Шрифт:
– Уходи прочь из обители...
– Почему?
– Не могу тебя видеть, убью... Уходи!
Глаза у него красные, и слёзы выступают из них тоже будто красные, а на губах пена кипит. Рвёт он мне одежду, щиплет тело, царапается, всё хочет лицо достать. Я его тиснул легонько, слез с грудей и говорю:
– На тебе же чин монашеский лежит, а ты, скот, такую злобу носишь в себе! И - за что?
Сидит он в грязи и настойчиво требует:
– Уйди! Не губи мою душу...
Ничего не понимаю. Потом - догадался, спрашиваю его тихонько:
– Может, ты, Миха, думаешь, что я сказал кому-нибудь о пороке твоём? Напрасно; никому я не говорил, ей-ей!
Встал он, пошатнулся, обнял дерево, глядит на меня из-за ствола дикими глазами и рычит:
– Пусть бы ты всему миру сказал - легче мне! Пред людьми покаюсь, и они простят, а ты, сволочь, хуже всех, - не хочу быть обязан тебе, гордец ты и еретик! Сгинь, да не введёшь меня в кровавый грех!
– Ну, уж это, - мол, - ты сам уходи, коли тебе надо, я - не уйду, так и знай!

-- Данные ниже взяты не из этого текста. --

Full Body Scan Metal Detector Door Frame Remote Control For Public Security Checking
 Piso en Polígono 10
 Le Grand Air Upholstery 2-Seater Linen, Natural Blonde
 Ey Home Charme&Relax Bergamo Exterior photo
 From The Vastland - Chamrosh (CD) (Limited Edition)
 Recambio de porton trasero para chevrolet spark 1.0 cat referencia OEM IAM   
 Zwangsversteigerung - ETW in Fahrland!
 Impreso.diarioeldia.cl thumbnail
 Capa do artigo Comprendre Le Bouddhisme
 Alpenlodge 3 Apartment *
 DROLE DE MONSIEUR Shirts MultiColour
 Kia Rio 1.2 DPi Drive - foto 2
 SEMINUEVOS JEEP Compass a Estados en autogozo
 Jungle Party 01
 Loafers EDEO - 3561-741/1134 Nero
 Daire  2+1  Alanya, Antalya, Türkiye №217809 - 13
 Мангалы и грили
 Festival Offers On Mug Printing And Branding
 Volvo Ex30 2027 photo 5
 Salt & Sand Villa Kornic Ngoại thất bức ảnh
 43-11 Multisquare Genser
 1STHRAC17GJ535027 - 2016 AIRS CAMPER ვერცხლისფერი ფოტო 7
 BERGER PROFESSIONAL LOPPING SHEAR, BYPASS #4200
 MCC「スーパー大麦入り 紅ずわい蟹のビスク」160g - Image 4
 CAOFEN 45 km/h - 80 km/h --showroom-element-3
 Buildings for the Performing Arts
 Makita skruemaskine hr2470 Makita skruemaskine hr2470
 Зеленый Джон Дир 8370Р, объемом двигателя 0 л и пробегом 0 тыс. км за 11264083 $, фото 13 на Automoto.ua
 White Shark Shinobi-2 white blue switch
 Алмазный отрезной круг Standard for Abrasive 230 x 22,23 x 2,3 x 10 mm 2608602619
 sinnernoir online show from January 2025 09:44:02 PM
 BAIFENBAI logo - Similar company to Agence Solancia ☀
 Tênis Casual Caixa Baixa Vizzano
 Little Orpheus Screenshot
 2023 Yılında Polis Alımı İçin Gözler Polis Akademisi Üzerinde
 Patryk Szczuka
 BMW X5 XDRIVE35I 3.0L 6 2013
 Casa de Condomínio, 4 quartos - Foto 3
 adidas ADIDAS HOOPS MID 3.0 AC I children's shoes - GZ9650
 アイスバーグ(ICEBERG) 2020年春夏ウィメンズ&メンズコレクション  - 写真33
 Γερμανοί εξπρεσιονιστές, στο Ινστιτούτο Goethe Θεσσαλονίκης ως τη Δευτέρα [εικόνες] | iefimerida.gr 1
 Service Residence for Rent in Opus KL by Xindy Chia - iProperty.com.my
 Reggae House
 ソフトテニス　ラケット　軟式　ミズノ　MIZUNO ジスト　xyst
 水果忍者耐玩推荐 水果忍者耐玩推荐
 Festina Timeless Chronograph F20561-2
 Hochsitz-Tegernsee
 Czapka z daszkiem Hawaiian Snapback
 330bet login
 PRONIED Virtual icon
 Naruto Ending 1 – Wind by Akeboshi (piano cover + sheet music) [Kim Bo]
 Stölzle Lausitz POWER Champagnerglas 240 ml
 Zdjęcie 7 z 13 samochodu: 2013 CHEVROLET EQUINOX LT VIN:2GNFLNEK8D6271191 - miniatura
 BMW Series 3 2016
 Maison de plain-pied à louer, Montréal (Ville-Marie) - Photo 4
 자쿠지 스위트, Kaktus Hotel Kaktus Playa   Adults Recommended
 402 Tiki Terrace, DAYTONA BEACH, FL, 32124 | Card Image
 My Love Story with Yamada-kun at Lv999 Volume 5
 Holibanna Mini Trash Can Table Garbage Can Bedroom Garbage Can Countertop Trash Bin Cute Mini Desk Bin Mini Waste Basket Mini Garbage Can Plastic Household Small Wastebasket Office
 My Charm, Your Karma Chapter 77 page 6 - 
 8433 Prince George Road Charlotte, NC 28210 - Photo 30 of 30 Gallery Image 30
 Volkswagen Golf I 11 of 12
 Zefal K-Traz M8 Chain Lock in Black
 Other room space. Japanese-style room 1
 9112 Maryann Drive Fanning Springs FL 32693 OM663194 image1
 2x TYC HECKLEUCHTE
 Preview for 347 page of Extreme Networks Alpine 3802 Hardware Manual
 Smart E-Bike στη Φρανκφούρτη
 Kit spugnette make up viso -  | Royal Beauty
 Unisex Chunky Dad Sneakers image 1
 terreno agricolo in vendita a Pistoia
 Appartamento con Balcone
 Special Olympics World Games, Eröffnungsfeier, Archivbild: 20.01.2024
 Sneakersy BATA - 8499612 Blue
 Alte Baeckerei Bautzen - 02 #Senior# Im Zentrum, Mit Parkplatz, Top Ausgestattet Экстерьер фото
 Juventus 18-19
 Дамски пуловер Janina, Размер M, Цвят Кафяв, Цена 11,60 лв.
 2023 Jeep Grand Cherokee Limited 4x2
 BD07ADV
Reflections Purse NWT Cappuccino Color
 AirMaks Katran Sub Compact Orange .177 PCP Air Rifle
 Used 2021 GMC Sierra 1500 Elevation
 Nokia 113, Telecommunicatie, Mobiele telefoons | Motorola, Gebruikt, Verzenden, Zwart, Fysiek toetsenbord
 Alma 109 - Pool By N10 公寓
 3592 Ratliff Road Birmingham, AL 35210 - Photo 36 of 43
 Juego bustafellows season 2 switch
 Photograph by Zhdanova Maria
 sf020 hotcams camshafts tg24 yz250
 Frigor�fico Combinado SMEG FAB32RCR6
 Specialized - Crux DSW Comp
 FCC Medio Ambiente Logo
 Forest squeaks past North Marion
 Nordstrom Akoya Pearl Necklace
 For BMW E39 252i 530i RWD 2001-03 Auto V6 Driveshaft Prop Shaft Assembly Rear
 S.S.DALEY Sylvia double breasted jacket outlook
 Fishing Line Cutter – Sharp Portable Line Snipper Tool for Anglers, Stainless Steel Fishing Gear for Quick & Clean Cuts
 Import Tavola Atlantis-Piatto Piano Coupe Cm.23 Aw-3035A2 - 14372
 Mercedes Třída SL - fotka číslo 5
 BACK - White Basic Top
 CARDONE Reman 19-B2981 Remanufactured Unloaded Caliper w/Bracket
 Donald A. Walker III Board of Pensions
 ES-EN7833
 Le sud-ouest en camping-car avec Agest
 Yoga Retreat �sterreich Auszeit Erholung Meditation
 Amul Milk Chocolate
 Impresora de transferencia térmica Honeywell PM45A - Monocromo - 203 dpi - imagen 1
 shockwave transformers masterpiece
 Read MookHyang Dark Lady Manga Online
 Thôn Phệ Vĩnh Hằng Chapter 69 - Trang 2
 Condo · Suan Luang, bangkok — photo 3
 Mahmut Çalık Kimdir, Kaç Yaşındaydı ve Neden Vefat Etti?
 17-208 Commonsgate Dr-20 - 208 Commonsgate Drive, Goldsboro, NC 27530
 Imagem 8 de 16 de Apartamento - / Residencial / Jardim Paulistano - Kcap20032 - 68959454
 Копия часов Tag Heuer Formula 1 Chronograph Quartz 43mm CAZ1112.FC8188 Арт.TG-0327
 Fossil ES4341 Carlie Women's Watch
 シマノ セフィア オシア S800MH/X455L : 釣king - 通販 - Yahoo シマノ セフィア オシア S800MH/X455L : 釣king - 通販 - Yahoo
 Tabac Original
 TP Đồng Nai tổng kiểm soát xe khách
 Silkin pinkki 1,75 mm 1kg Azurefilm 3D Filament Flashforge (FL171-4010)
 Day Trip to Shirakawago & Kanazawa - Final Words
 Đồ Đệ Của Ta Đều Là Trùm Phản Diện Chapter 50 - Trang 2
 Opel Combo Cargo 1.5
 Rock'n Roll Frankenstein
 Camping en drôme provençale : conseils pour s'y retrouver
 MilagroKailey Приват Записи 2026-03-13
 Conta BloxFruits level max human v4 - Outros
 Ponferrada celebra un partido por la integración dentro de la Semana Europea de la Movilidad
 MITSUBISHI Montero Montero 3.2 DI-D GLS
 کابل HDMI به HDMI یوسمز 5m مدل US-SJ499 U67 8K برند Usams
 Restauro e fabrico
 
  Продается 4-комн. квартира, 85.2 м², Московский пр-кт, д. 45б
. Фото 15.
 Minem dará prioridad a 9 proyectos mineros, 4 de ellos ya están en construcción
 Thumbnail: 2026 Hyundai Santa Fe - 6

А он снова бросился на меня, и упали мы оба в грязь, выпачкались, как лягушки. Оказался я много сильнее его, встал, а он лежит, плачет, несчастный.
– Слушай, Михайла, - говорю.
– Я уйду немного погодя, а теперь - не могу! Не из упрямства это, а нужда у меня, надо мне здесь быть!
– Иди к дьяволу, отцу твоему!
– стонет он и зубами скрипит.
Отошёл я от него, а через мало дней велено было ему ехать в город на подворье монастырское, и больше не видал я его.
Кончил я послушание и вот - стою одет во всё новое у Антония. С первого дня до последнего помню эту полосу жизни, всю, до слова, как будто она и внутри выжжена и на коже моей вырезана.
Водит он меня по келье своей и спокойно, подробно учит - как, когда и чем должен я служить ему. Одна комната вся шкафами уставлена, и они полны светских и духовных книг.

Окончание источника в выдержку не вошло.